Lines to return, exactly: from the line with "Orthodox Jew praying" to the line with "Kitchen with wainscoting, freestanding" in the entries below, both included.

Material provided
•••••

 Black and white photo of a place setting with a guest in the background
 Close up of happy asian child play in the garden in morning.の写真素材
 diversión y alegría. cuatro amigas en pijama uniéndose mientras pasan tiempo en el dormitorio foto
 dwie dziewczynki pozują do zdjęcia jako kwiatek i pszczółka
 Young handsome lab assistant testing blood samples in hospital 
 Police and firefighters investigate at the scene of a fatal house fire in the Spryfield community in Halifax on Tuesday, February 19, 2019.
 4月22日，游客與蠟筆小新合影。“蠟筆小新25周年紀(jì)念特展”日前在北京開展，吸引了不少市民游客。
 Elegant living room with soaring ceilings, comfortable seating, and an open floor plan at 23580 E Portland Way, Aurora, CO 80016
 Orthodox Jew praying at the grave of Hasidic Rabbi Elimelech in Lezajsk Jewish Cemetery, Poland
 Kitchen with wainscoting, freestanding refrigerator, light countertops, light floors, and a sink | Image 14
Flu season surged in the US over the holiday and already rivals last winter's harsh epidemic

•••••

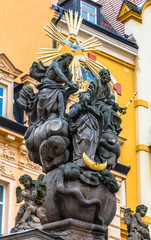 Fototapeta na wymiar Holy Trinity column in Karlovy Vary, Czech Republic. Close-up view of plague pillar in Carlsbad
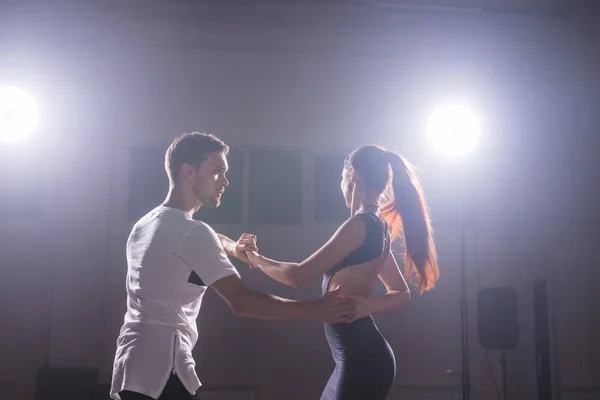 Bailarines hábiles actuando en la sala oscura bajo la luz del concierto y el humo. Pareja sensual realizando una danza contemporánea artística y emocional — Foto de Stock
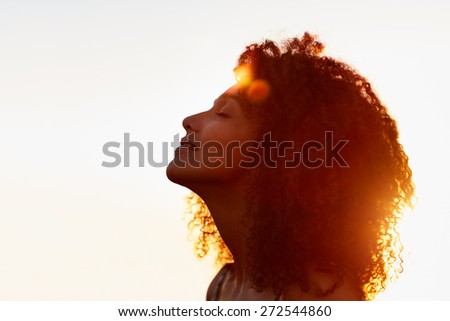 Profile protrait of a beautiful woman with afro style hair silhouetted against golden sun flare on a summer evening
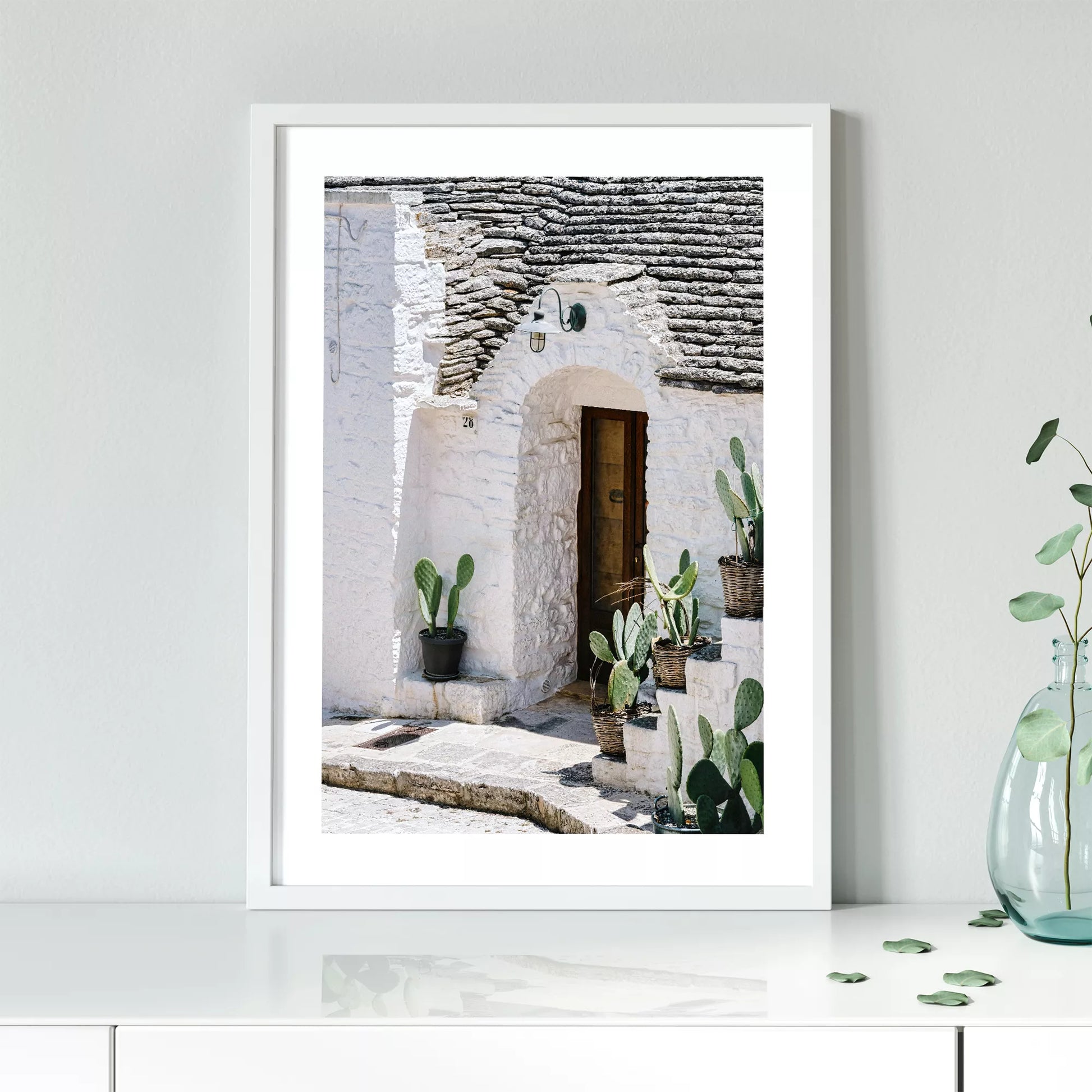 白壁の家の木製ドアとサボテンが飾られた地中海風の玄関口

•••••

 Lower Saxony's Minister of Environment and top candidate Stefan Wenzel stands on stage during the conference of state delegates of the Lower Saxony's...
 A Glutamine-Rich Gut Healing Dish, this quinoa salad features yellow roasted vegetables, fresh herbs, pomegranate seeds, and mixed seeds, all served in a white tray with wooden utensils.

•••••

Problem solution
 Orthodox Jew praying at the grave of Hasidic Rabbi Elimelech in Lezajsk Jewish Cemetery, Poland
 Kitchen with wainscoting, freestanding refrigerator, light countertops, light floors, and a sink | Image 14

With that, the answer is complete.